After Joe Biden was declared the winner of the presidential election on Saturday, recipients of the Deferred Action for Childhood Arrivals program, or DACA, breathed a sigh of relief.
The Obama-era program gives some undocumented immigrants brought to the U.S. as children protection from deportation and a work permit. The Trump administration spent years rolling back those protections and Biden promised to reinstate them if elected.
Daniela Ofelia Nava Leyva is a U.S. citizen, but her family includes DACA recipients and undocumented people.
They were all together when they learned Biden would be the next president.
"Once we heard the news, we all got together and had a big full family breakfast. And it just sunk in in that moment, like, we have peace," she said.
Nava Leyva turns 18 this week, just shy of being able to cast a ballot of her own on Nov. 3. That's why this year, she focused on making sure people who could vote, did. As a volunteer with the Mesa-based immigrant advocacy group Aliento, she spent Election Day directing people to polling stations and making phone calls to voters across Maricopa County.
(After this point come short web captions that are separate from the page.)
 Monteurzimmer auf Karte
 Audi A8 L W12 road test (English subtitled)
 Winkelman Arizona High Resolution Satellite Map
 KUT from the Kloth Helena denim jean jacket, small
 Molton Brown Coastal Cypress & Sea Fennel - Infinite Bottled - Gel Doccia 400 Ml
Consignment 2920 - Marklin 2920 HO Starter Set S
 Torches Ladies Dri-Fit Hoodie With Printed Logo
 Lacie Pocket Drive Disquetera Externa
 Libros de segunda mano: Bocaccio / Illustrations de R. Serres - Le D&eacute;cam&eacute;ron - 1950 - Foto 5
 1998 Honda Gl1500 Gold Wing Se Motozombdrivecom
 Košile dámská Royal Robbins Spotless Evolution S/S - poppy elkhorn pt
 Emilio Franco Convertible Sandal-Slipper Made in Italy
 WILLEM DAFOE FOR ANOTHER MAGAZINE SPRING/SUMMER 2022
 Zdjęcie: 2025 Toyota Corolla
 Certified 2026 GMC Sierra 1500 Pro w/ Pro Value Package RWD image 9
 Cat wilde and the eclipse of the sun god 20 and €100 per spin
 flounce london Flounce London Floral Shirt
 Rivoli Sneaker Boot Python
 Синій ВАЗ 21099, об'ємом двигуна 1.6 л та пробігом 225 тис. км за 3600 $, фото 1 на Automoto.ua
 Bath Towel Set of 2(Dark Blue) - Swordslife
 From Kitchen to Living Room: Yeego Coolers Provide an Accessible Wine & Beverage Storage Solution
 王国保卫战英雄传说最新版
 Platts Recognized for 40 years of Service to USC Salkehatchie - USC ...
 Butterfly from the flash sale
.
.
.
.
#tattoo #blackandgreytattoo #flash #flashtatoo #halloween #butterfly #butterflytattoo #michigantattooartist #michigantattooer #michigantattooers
She was one of a handful of young people who gathered in downtown Phoenix on Saturday for a celebration organized by Mesa-based immigrant advocacy group Aliento.
DACA recipients Jesus Arredondo and Maria Leon Peña came to the park with their 6-month-old daughter. Gently bouncing her in his arms, Arredondo said he hoped Biden's win meant their daughter wouldn't have to worry about her parents losing status. Now, he wanted to see action from the new administration.
"Follow through on your remarks and your statements that you made when you were running for office," he said. "Because we have a voice, we matter, we're here and we're going to fight."
Speaking over gusts of wind, Aliento founder and DACA recipient Reyna Montoya told the group that 10 years ago, she was downtown protesting SB 1070, the 2010 law that made it a state crime to be undocumented in Arizona. She said young immigrants have helped transform the state since then, but the fight isn't over.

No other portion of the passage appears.